Having seen firsthand the lines Sunday at L’Orangerie, Lynn wisely ordered tickets in advance for Monday. We took the Metro across the river and down to the Concorde bridge, walked across the Tulieries and were greeted with a small line standing in the bitter cold waiting to be allowed into the building.
Inside, L’Orangerie is like no other art museum in the world. The art was created specifically for the space and given to the French state by Monet. Altogether, eight immense Water Lillies adorn the walls of two elliptical rooms positioned end to end. That’s all there is to the main museum–eight huge paintings that evoke the full day from sunrise to sunset over Monet’s beloved gardens in Giverny. The effect is stunning and contemplative, as Monet planned.

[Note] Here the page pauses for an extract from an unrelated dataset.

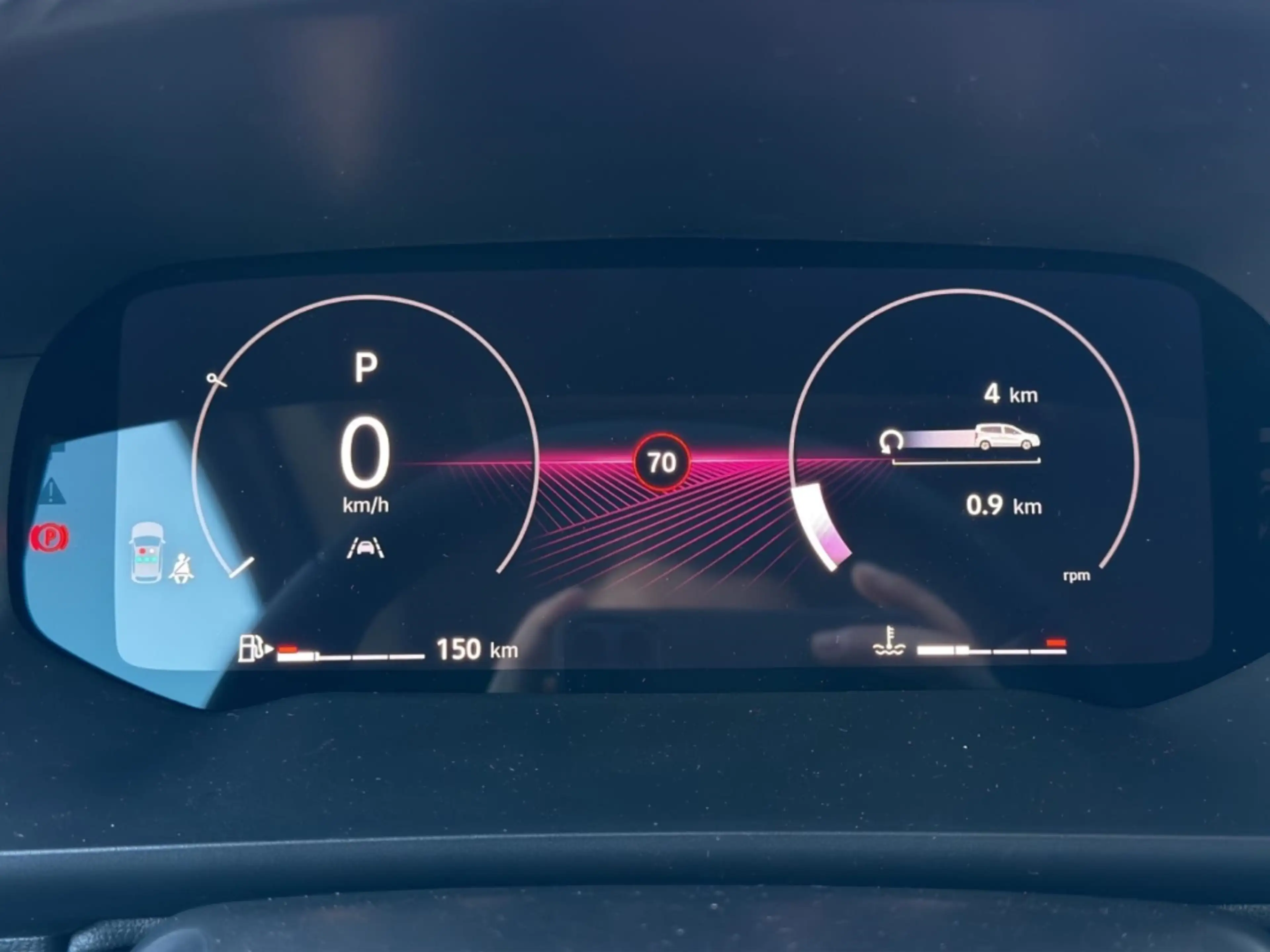 Nissan Townstar Tekna Kombi L1 °LED°Navi°RFK°SHZ°AAC° — photo 10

Downstairs, L’Orangerie showcases a more conventional gallery of major Impressionist works collected by Parisian art dealer Paul Guillaume and his wife, including large collections of Renoir, Cezanne, Rousseau, Matisse, Picasso, Derain, Utrillo and Modigliani. The paintings are all arranged according to artist along a narrow double hall that makes viewing easy. The hallway also exhibits four models of the L’Orangerie building in its various stages from original construction under Louis XIV to house (what else?) orange trees to its contemporary layout as a double museum.
The star of the day was a temporary exhibit of American paintings from the 1930s, which drew the largest crowds, as it was closing at the end of the week. The highlight of that show is Grant Woods’ iconic American Gothic, being shown for the first time in Europe. The six small galleries were tightly crowded with visitors viewing American masters like Edward Hopper, Georgia O’Keefe and Jackson Pollack, grouped thematically with commentary on various aspects of the Great Depression in the U.S.
For such a seemingly small museum, we still spent more than two hours walking through, before stopping for a quick sandwich in the tiny cafeteria.
By now, it was well past 2 p.m., and I wanted to venture forward to see the Musée de l’Armée in Les Invalides, which we had not seen last time we were in Paris, because we couldn’t find the entrance. Lynn demurred, wondering if we wouldn’t be better going over there another day. I insisted, since we were almost there; from L’Orangerie, you can see the gilded dome of the church where Napoleon is buried, which was really what I wanted to see.

As it turned out, Invalides is huge, so big that we could not tour the entire museum before we were ushered out at 5 p.m. right as we walked through 1943 in the Great Wars sections. Although we had to leave just before the Allied invasions of France, it was interesting to read the accounts of the two Great Wars from the French perspective, which you can imagine is somewhat different from our own American history.
Napoleon’s tomb is impressive, classical and un-Napoleon like, not marked with his name. It simply towers there on the lower level under the dome of the church surrounded by bas relief sculptures that depict Napoleon as a Roman god. He would have liked that.

On the upper level of the rotunda are several rooms of tombs of great French military figures like Vauban and Marshall Foch, creating a pantheon effect in the church. The entire space is voluminous and unheated, so visiting in the depths of winter is physically challenging.
After being booted from Invalides at 5 p.m., we worked our way home on the Metro for a well deserved glass of wine before another delicious dinner at La Forge around the corner. The proprietors seemed pleased that we returned so soon, as the restaurant on a Tuesday night was much quieter. The food and the wine were no less wonderful, however.